Friday, January 15, 2010

Shake hands with the so-called devil

Yesterday I did something I had yet to do in my journalism career: I interviewed a communist.
And I’m not talking about a bearded art student with hemp shoes and a Che Guavera t-shirt, who proclaims allegiance to Karl Marx. Rather, I spoke with an unelected official from the People’s Republic of China.
I was covering a story about a new brass instruments music program the Fiji government is trying to implement. However, instruments can be quite costly so the Fijians are asking the Land of the Rising Sun for a little help from a friend. After all, the Chinese – the kings of cheap manufacturing – are wholesaling saxophones for less than $100.
I met with China’s Ambassador to Fiji, Fei Mingxing.
This was my first time coming face-to-face with a real life Communist. Although I was born a little late to remember much of the Cold War, there’s still a lingering negative stigma attached to Communism. The “Us versus Them” attitude lives long beyond JFK, the Vietnam War and the fall of the Berlin Wall.
I can’t help but star at Mingxing during the press conference. It's like setting eyes on a rare and fabled species for the first time. But, by all accounts, he looks like any other Asian person I’d ever seen: he's short, wore rimless glasses and a short-sleeved button up shirt and has neatly cropped jet black hair.

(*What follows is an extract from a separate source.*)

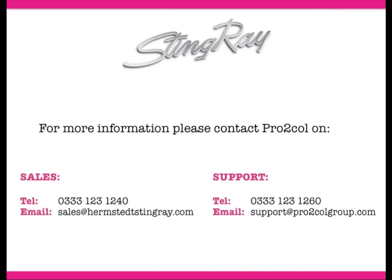If you'd like any more information on QuickSend or Stingray in general, please contact us using the details provided here. Thank you.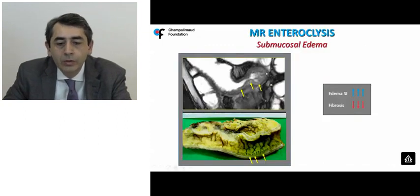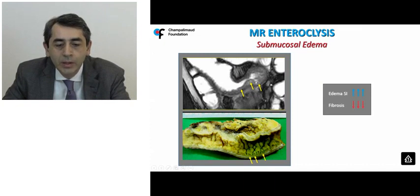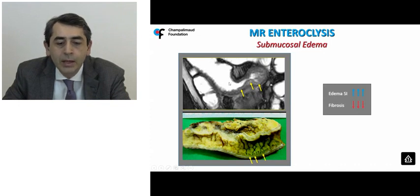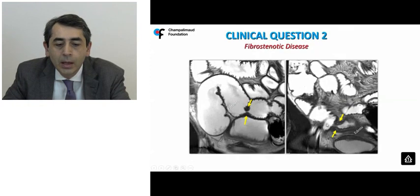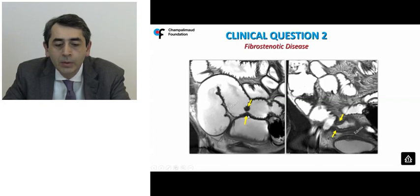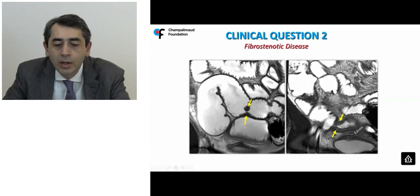Active disease can also be detected by submucosal edema appearing very bright on T2 or T2-like images such as TruFISP, versus moderate or low signal intensity in more fibrotic areas. The presence of multiple ulcerations — the so-called cobblestoning — has also been correlated with active disease. Discriminating between fibrostenotic disease and soft-type strictures is important, as they have completely different treatment management.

Would he be rude to me because I’m a Western Capitalist? I wonder.
After the press conference I approach Mingxing and introduce myself. He flashes a warm smile and shakes my hand – firmly but not too hard.
I ask him a few questions about the music program and he responds in the typical diplomatic fashion. I thank him for his time and move on a little disappointed. He seemes like the countless other diplomats I’ve interviewed – except for his business card, which was cheap and flimsy.
So that was a Communist? This was the enemy that millions of Westerners grew up fearing and hating?
He didn’t seem evil like the villains depicted in James Bond films. Nor did he appear intent on converting me to Communism like numerous American presidents had often warned.
In fact, Mingxing isn’t all that different from me. He’s a foreigner working in an unfamiliar country. He probably gets starred at when he walks down the street or enters a room just like I do. Most likely he misses his friends and family back home, too. And, like me, he yearns for a home-cooked meal.
The more I thought about it, the more I realized how much I have in common with Mingxing. And this led me to realize that all too often we dehumanize people with different political ideologies. But in the end, we’re all the same.